Advanced Use Case Analysis
What is Use Case Analysis?
Use case analysis in software engineering is a process of collecting and describing the user requirements, in which they are transformed into actors and use cases. The goal is to identify roles, processes, and classes within a software system. It is usually used within the software development process. The use case analysis has its place in classical project approaches as well as in the agile development.
What is a Use Case?
A use case defines a goal that may be achieved by performing a series of actions over a system by a user role (known as an actor). An actor may represent a human or an external system.
Definition of Use Case
A completely defined use case has the following structure:
- Primary actor
- Minimal guarantees
- Success guarantees
- Frequency of use
- Flow of events
How to Perform Use Case Analysis?
You need to identify actors and use cases for the modeled system. Collect all user roles that can interact with the system. Think about all possible goals for the identified roles that should be met and write them down as use cases. The best way how to do it is to create a use case diagram. Add actors to the diagram one by one. Associate use cases to each actor. Some use cases may be a little bit complex or their parts may be reused by several other use cases. Identify and create such use cases and associate them with the complex use cases using include and extend associations.
An included use case represents a nested part of another use case. The use case is not complete without the included use case.
A use case can be extended by another use case. Extended use cases may exist even without their extensions. An extension is performed when a specific condition is met in a so-called extension point.
How to Create UML Use Case Diagram?
You may create a use case diagram very easily with use case tools provided by Software Ideas Modeler.
Create a new project and add a new use case diagram.
Click on the Actor button in the toolbox and drag it over the diagram editor canvas. Then set the name that describes the user role best. E.g. Accountant, Task Planner, Transaction Pool
Repeat these steps until you have added all the actors.
Select an actor and click on Add Use Case button in the context bar. Then set the name of the use case. The name should clearly describe what is the goal of this user interaction with the modeled system. E.g. Create an invoice, Plan a task, Register transaction
Add included use cases if there are any.
Add use case extension if there are any.
Specify details of the particular use cases. Enter the individual action or event steps for each use case.
Creating Use Cases
If you have identified the use cases, you may continue with other steps - add another level of details and enter the use case description and other parameters. To access the use case detail form, right-click on a use case and choose Show Definition.

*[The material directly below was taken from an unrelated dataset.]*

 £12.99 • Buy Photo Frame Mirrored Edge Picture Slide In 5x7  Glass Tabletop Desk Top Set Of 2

Specify the primary actor of the use case. It is a human actor who initiates the interaction with the system. Then you should specify stakeholders (or supporting actors) which helps to fulfill the use case goal and react to the primary actor interaction.

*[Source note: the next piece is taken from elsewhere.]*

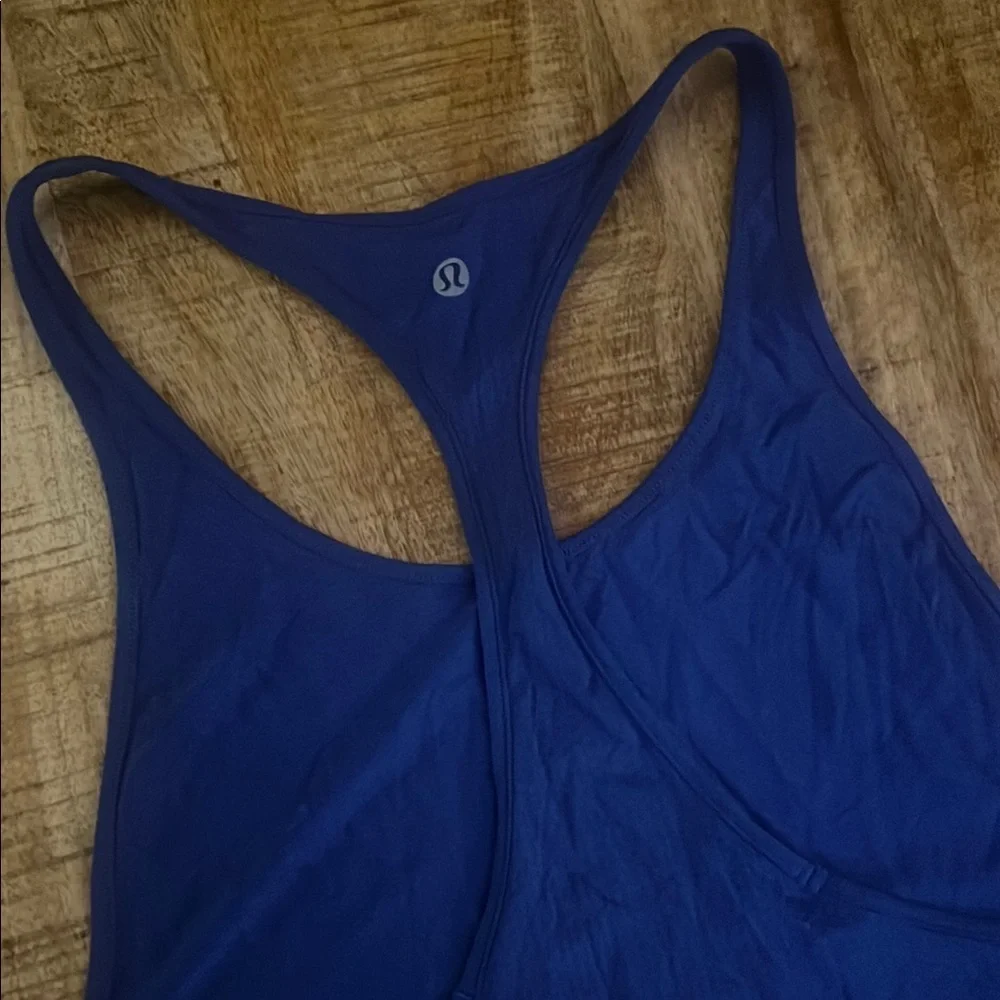 Lululemon Athletica Blue Backless Fitted Tank Top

Each use case has its scope. It may be one of these:
- Organization Black Box
- Organization White Box
- System Black Box
- System White Box
A level of details can be specified for a use case. If the steps are expressed only in an outline - you should set the Very High Summary level. If a use case mentions implementation details on a programming language level, you should set level as Too Low for such use case. Each use case can have another level of detail depending on its importance or required accuracy. There are these levels available:
- Very High Summary
- User Goal
- Too Low
Another use case attribute is the precondition. It says what condition should be met to be able to perform the given use case.

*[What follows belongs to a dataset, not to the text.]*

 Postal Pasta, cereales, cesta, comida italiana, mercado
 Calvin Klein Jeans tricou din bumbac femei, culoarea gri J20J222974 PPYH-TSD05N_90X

We can also specify what conditions should be met to fulfill the goal of the use case. Success guarantees define a condition to meet the primary actor goal. Minimal guarantees define a condition to meet the stakeholders' promises at least.
Triggers define actions or events that may invoke the use case.
You can also enter other additional details as the frequency of use or priority to better describe the importance of the use case.
You can track the state of use case analysis. A use case may be in one of these states:
Insert Events to Use Case Event Flow
We have defined the attributes of a use case. However, how to write use cases? How to define the flow of events and actions which describe the essence of a use case? In the Use Case editor, switch to the Flow tab. It offers several buttons that allow you to create the flow of events, insert the individual events, adjust their nesting, choose the way how they are numbered.
These actions are available:
- Insert Event Below
- Insert Event Above
- Insert Sub Event
- Indent Level
- Outdent Level
- Add Link
- Paste Flow Events
- Delete Event
The editor is optimized to work with a mouse as with a keyword.
These shortcut keys may be useful when working with the use case editor:
- CTRL+Enter - adds a new event
- CTRL+Plus - shows a context menu that allows you to choose between several options: Insert Event Below, Insert Event Above, and Insert Sub Event.